Can we sink this to the same site too? I think that the PDB writer indicating what it emitted would be nicer.

zturner added inline comments.Feb 28 2018, 3:14 PM
lld/COFF/PDB.cpp
1059

We could, but this value is useless for the PE writer and is definitely PDB specific. It's not part of the build id or anything and is really more of an implementation detail of the PDB, so that's why I left it here.

ruiu added inline comments.Feb 28 2018, 3:14 PM
lld/COFF/PDB.cpp
1128–1136

I'm little confused. Builder knows the pdb file it is creating, so it is not clear to me why only the hash computation needs to be done on the caller side. Why can't you do that inside Builder and make Builder return a Signature?

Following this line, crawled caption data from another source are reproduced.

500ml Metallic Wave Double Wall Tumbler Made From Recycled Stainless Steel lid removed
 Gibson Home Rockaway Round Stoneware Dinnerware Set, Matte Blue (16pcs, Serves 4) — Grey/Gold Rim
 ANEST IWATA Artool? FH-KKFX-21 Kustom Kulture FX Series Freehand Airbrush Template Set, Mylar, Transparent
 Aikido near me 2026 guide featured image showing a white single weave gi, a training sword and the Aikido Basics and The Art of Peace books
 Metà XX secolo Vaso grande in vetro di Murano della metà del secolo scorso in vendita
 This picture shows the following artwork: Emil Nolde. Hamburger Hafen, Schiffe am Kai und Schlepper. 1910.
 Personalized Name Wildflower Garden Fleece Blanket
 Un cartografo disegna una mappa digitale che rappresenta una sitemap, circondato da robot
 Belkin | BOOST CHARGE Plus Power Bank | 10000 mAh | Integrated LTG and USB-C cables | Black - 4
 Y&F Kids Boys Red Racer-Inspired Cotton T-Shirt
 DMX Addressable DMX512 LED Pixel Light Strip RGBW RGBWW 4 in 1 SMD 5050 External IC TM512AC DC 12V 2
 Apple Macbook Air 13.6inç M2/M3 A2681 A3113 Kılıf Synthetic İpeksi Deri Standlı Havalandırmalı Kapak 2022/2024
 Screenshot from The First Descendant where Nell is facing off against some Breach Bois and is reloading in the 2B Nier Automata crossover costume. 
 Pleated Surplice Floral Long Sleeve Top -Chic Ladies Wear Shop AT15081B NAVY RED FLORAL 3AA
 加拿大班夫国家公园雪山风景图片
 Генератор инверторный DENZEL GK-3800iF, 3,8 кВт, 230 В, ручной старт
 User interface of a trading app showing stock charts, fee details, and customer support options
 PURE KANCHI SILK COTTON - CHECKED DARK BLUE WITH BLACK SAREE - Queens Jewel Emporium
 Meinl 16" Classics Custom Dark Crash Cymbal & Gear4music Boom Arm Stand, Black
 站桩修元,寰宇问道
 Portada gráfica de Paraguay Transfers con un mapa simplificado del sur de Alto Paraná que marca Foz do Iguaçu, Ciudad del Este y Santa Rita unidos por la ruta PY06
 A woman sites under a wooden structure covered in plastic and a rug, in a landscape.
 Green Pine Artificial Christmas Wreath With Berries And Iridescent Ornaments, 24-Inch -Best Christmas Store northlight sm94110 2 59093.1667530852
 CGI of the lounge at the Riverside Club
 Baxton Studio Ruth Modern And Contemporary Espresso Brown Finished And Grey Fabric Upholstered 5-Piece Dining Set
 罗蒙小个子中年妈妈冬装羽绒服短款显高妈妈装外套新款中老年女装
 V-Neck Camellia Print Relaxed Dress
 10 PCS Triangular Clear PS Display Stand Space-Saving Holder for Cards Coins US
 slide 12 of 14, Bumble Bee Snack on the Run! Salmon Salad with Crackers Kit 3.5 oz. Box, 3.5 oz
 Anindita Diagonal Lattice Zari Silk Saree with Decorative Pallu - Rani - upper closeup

zturner added inline comments.Feb 28 2018, 3:18 PM
lld/COFF/PDB.cpp
1128–1136

It might work. I can try.

zturner updated this revision to Diff 136429.Feb 28 2018, 4:35 PM

Re-write this to have PDBFileBuilder emit the signature. It's still done as the last step though, so that we can drop in a hash in a followup.

This was a little awkward, because in the case of something like yamlToPdb we actually want to use the exact value in the yaml and not recompute it. I made it work by having the InfoStreamBuilder allow you to optionally set the signature, and if it's not set, it will use the computed value.

ruiu accepted this revision.Feb 28 2018, 4:59 PM

LGTM

lld/COFF/PDB.cpp
1058–1059

Uuid

This revision is now accepted and ready to land.Feb 28 2018, 4:59 PM
This revision was automatically updated to reflect the committed changes.
This revision was automatically updated to reflect the committed changes.